Specialist broker for agricultural, forestry and equestrian real estate

No land in sight - Greif & Meyer in an interview with Handelsblatt

While climate change is reducing the value of German forests, prices for agricultural land are rising dramatically - particularly due to financially strong investors who benefit from tax loopholes and subsidies.

Regional farmers are losing out. And politicians are watching.

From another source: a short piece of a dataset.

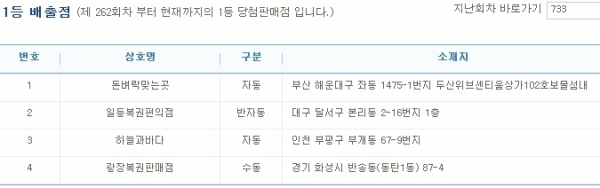 (출처=나눔로또 홈페이지)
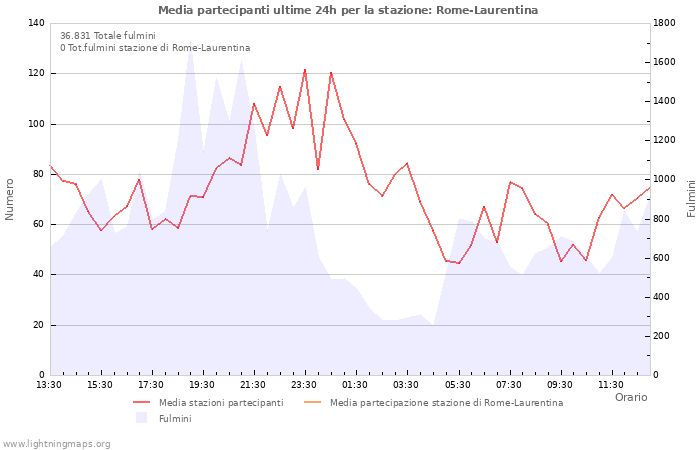 Grafico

The air shimmers over the fields, the sun rarely disappears behind a summer cloud. Despite the heat, Phillip Brändle is wearing heavy boots and work trousers as he tinkers with a red tractor. The 35-year-old would love to be his own boss; he has long dreamed of setting up an organic farm. But on the farm near Berlin, where Brändle earns his money, he is only an employee. His dream was supposed to come true this year, until a phone call a few weeks ago brought him back down to earth. "We're not going to sign a purchase agreement," the person on the other end of the line told him. It was a farmer who actually wanted to sell his farm - until then to Brändle. He had been looking for a suitable farm for years, and about a year ago Brändle found what he was looking for not far from his current place of work: 270 hectares of land, a residential building with grass-green roof tiles, the gates to the stables made of oak. "The price put us off at first," says the agronomist. He would have had to pay more than 1.5 million euros for the farm. But then he plucked up all his courage, quit his job and prepared the move to the farm. He says: "The preparations and consultations alone cost us several thousand euros."